But he'd never had the chance to test the idea personally. So when he saw an ad for a online master's of business administration program at Stevens-Henager College, he decided to get the degree — nonagenarian status be darned.

Three years later, the 93-year-old is set to graduate from the private nonprofit college Saturday. Along with Saratoga Springs mayor Mia Love, Wagnon will speak to more than 470 graduates at to the school's first online program graduation ceremony at Salt Lake City's Capitol Theater, 50 W. 200 South.

Democratic Utah Congressman Jim Matheson, who fended off a challenge from rising Republican star Love last year, was set to address more than 160 graduates from the school's Salt Lake City-Murray campus Friday night.

"The computer gave me more trouble than the courses," said a vibrant Wagnon, wearing an argyle sweater, blazer and tie for a recent interview. He had owned a computer before starting his MBA, "but all I used it for is to write letters I didn't have to use an eraser on."

Wagnon mastered graphing software, statistics and money management in the program, and wrote his final capstone paper about his own life.

"One instructor said, 'At your age, you've got a legacy for posterity,' " he said.

The son of an Oklahoma preacher and farmer who went to school in a horse-drawn buggy, Wagnon served in the U.S. Air Force and was discharged in 1945. He earned a bachelor's degree in mechanical engineering, then started a wide-ranging career that would take him from project management to home building to sales.

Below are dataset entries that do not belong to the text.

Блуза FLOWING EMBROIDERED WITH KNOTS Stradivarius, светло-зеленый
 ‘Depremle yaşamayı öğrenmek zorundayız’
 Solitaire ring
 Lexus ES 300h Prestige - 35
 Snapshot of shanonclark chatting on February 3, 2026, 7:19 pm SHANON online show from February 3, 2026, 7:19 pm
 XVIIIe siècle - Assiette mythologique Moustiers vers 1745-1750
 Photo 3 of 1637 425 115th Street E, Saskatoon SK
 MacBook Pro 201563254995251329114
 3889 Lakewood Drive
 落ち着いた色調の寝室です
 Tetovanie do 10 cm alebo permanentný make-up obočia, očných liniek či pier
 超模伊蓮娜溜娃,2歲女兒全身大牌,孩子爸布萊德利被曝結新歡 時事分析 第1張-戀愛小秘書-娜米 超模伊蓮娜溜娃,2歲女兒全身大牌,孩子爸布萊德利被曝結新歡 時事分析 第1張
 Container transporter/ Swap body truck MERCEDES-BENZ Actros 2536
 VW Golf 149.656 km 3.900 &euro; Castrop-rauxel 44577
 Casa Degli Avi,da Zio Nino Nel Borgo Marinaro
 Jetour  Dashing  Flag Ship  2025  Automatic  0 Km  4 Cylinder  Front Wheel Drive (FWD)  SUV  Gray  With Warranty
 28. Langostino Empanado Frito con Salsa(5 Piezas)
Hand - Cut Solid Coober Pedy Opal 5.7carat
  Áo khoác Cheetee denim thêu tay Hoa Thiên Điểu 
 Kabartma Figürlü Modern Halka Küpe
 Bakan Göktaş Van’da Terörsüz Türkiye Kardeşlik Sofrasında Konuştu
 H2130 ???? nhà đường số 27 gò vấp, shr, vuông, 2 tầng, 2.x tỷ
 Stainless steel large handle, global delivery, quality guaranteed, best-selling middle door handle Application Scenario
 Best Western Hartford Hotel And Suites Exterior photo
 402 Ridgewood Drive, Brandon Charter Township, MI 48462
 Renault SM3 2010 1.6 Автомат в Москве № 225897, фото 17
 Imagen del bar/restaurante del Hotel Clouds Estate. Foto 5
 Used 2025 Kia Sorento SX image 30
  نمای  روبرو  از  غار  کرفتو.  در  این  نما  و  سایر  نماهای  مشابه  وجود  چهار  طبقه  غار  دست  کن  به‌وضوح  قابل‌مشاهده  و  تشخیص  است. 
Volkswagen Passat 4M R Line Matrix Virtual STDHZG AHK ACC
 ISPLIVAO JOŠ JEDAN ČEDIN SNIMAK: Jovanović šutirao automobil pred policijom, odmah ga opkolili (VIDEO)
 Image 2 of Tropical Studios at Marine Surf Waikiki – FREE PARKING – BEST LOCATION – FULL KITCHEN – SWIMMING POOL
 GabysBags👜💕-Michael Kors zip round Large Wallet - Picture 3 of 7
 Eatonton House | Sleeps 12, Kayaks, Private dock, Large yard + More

He owned his own industrial gear sales company for 25 years, then moved on to manufactured home and real estate sales.

He was living in Idaho Falls when he saw the newspaper ad.

"Well, I needed something to do, so I took it," he said.

Online MBAs from Stevens-Henager typically cost between $28,000 and $29,000, according to online advancement coordinator J'Ann Sherry, though Wagnon said a scholarship paid for most of his education.

Now that he's finished Wagnon said he plans to write — he's revising a novel he wrote about a teenager on a wagon train in the 1870s — and speak. He's talking to Stevens-Henager about doing outreach work for the school.

"Everyone is interested in someone who's out of the mold, and I'm definitely out of the mold ... I'll talk to anybody that forms an audience," he said with the sparkle of a longtime salesman.

He has four children and 20 grandchildren, and recently married 78-year-old Delores Bennion after the death of his wife. The couple lives in Toquerville.

"Well, at my age most people say I couldn't do [the program,] and it's true for my family too," he said. "But I'm doing it and they appreciate that. They think it's great."